Second, they get together and figure how to actually pay for the budget. That’s where the gambling bill comes into play. The approved budget for the 2017-2018 fiscal year includes $200 million from the gambling expansion bill that’s on the table right now.
However, neither the gambling bill nor the funding package have been approved. That means both are dead in the water until summer passes and lawmakers reconvene for their fall session.
If 2016 was any indication of what to expect, then there’s a chance that stubborn House Republicans will get a funding plan passed that won’t include the gambling bill.
Video gambling terminals could sink expansion bill
House Republicans are adamant about the inclusion of a part of the gambling bill that would, in theory, allow more than 3,000 video gambling terminals in taverns across the state.
The idea here is that these new slots will bring in new revenue. Then that new revenue can help the state meet its budget and slowly hack away at its more than $1 billion deficit.
Unfortunately, not everyone agrees with adding thousands of these terminals. Critics of the VGT expansion say that these new gambling terminals will cannibalize existing casinos.

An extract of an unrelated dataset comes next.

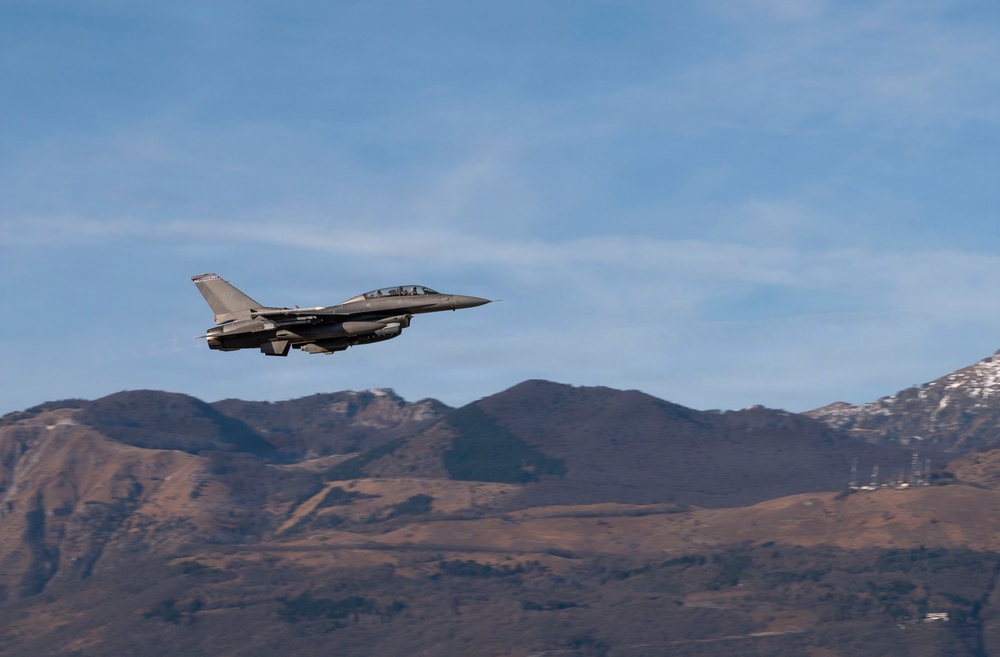 U.S. Ambassador to NATO Visits Aviano Air Base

For example, gamblers who have to drive long distances to get to a casino may see the VGT’s in the bar five miles from their house as a worthy replacement.
Not only that, but adding new slots isn’t a guarantee to more revenue. As one industry expert pointed out, Pennsylvania’s slots revenues have fallen for 10 consecutive months. Why add more slots-style gambling machines if they’re a slowly-dying industry?
Don’t bet on a bill this Fall
In 2016, there was a sense of frail hope heading into the break between the summer and winter legislative sessions. Whatever momentum that year’s gambling bill had seemed to fade away once the leaves changed color.
There seems to be more enthusiasm that this year’s bill has a better chance to pass. However, much of that depends on VGT’s and other aspects of the state budget. As of now, it’s a painfully slow process.